Há alguns anos tive uma coluna semanal, em jornal impresso, que denominei Citizen. Foram bons cinco anos de participação. Citizen fazia referência a uma marca de relógio e me apresentei ao leitor escrevendo que pretendia colaborar com a aceleração da cidadania. Observando o relógio do direito vejo o quanto precisamos – enquanto povo, mas no mundo também – acelerar o tempo para que nossas conquistas não se desfaçam na poeira do Livro dos Sábios: a Constituição.
A metáfora do relógio do direito é interessante porque permite, do presente, avançar ou atrasar os ponteiros. No pretérito, encontramos todos os regimes de exceção quando a vida humana de pouco vale no indicador das distopias. Mas, é um passado vivo que teima em ressurgir. No futuro indicado pelos ponteiros a boreste, ocorrem os sonhos, as esperanças, as utopias, que também são chamados de teleologia e de revolução do status quo.
Assim foi com o Iluminismo – e, séculos antes disso, a bússola e o relógio seriam profundamente modificados pelo Renascimento.
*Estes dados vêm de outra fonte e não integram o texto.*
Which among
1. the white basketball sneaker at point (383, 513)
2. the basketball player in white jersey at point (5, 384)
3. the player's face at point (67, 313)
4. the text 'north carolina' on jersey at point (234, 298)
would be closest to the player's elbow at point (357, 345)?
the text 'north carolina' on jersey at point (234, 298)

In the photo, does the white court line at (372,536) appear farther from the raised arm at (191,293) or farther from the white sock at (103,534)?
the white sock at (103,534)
Se tivemos um Golpe Militar em 1964, fazendo o tempo parar, ao revés disso, em 1988, revelamos uma Constituição Cidadã. Até hoje, sobretudo com os ameaços de perdas profundas na condição do direito conquistado, a leitura da Carta Política é revigorante.
Para quem só pode ler um pouco, do art. 1º ao 7º, num só esforço de construção humano-jurídica, é possível ver que um dia estivemos bem à frente de nosso tempo. Ainda que pesem todos os erros do passado acumulados na Constituição, em formas variadas de exceção, nossos ponteiros estavam mirando o horizonte.
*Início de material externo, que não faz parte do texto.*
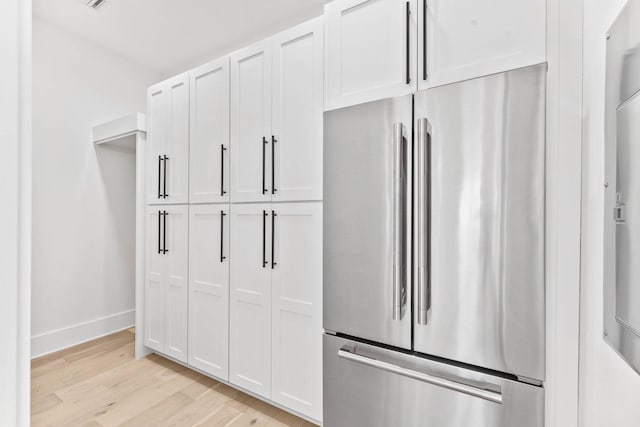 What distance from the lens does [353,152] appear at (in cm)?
150

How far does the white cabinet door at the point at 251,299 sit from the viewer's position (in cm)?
198

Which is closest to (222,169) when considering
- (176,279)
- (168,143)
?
(168,143)

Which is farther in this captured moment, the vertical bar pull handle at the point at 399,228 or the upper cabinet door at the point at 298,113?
the upper cabinet door at the point at 298,113

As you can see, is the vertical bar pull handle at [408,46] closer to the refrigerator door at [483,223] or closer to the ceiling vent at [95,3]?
the refrigerator door at [483,223]

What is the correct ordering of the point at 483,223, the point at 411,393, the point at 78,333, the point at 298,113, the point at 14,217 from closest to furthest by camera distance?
1. the point at 14,217
2. the point at 483,223
3. the point at 411,393
4. the point at 298,113
5. the point at 78,333

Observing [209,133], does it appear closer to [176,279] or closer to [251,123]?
[251,123]

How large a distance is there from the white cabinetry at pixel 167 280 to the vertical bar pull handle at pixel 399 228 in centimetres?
175

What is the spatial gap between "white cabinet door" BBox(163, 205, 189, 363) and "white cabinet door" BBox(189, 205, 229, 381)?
72mm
Em tempos excepcionais, do presente, o pior de tudo volta a nos paralisar. A cidadania regride, o direito repressivo é invocado e praticado; além, é claro, da mais simples negação da dignidade humana. Sem pensar no mundo e em sua xenofobia, por aqui vivemos estacionários no racismo e no machismo, na intolerância e no fascismo inscrustado na cordialidade de quem leva vantagem sobre o direito de outrem, no cinismo e na hipocrisia.
Para tomar de uma narrativa sem metáfora dos Tempos Sombrios, reapresento abaixo o comunicado assinado pela Magnífica Reitora da Universidade Federal de São Carlos: Moção de Apoio do Conselho Universitário à Liberdade Sindical, de Expressão e de Convívio PacíficoO Conselho Universitário (ConsUni) da Universidade Federal de São Carlos (UFSCar), reunido em sua 227ª Reunião Ordinária, realizada em 23 de junho de 2017, após ser informado sobre a destruição de uma faixa sindical, vem a público manifestar-se a favor da liberdade de expressão e pensamento.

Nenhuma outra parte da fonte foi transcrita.